Explanations for how fracturing works are often based more on the imaginations of experts than observations of the damage caused by hydraulic pressure.

A rare study that spent the tens of millions of dollars required to get a direct look at horizontal wells drilled in South Texas (URTEC 2670034) described its findings as “very different from the simple view of the stimulated reservoir volume commonly modeled or predicted with current fracture models.”

The paper added: “The absence of proppant on most of the hydraulic fractures indicates that proppant emplacement is quite different from idealized transport model predictions.” And, “The apparent side-by-side propagation of closely spaced, near parallel hydraulic fractures also differs from the output of currently accepted fracture models and may call into question the role of stress shadowing in hydraulic fracture propagation.”
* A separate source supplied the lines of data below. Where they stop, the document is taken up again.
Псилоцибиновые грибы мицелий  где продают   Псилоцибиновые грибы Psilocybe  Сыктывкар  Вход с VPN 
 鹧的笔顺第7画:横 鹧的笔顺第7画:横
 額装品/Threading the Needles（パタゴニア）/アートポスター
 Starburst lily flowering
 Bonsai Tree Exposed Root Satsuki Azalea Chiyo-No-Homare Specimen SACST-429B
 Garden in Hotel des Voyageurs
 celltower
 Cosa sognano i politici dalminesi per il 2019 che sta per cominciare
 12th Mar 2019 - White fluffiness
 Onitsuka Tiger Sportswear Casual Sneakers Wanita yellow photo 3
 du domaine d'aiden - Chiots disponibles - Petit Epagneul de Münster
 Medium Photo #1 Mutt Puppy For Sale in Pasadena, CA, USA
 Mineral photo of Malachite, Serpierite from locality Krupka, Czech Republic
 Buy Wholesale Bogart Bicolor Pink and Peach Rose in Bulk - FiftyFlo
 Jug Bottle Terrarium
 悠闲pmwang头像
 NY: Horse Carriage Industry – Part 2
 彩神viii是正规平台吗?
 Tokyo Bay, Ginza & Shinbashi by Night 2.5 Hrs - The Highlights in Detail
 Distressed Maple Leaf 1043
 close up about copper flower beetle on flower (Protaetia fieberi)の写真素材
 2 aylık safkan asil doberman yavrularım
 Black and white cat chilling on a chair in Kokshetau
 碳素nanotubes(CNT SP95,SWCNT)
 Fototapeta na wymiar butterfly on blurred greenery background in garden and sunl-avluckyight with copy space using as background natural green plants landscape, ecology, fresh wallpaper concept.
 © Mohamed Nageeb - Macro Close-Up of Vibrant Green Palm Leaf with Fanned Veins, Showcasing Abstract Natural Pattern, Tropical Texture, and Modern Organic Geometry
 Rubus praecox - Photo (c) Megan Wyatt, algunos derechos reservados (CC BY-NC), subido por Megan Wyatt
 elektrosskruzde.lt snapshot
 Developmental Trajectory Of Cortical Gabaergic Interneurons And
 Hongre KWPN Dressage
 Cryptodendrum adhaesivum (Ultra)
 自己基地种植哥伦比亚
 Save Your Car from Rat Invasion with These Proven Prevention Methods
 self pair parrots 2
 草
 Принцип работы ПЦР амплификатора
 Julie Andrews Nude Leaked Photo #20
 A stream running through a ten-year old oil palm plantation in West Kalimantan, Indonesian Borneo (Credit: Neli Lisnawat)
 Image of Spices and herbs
When the paper was delivered at the Unconventional Resources Technology Conference (URTEC) last August, it generated a lot of buzz among experts starved for direct observations. This emerging area of study will be the topic of a panel discussion during the plenary session of the SPE Hydraulic Fracturing Technology Conference, which is being held this week in The Woodlands.

Since the 2014 test in the Eagle Ford, a lot has changed as the center of the unconventional universe has shifted to the Permian Basin, where a research consortium of oil companies with government support has created a hydraulic fracturing test facility to observe fracturing on a well pad there. It offers a look at how fracturing is done now in the industry’s hottest play, and is also likely to add to the questions.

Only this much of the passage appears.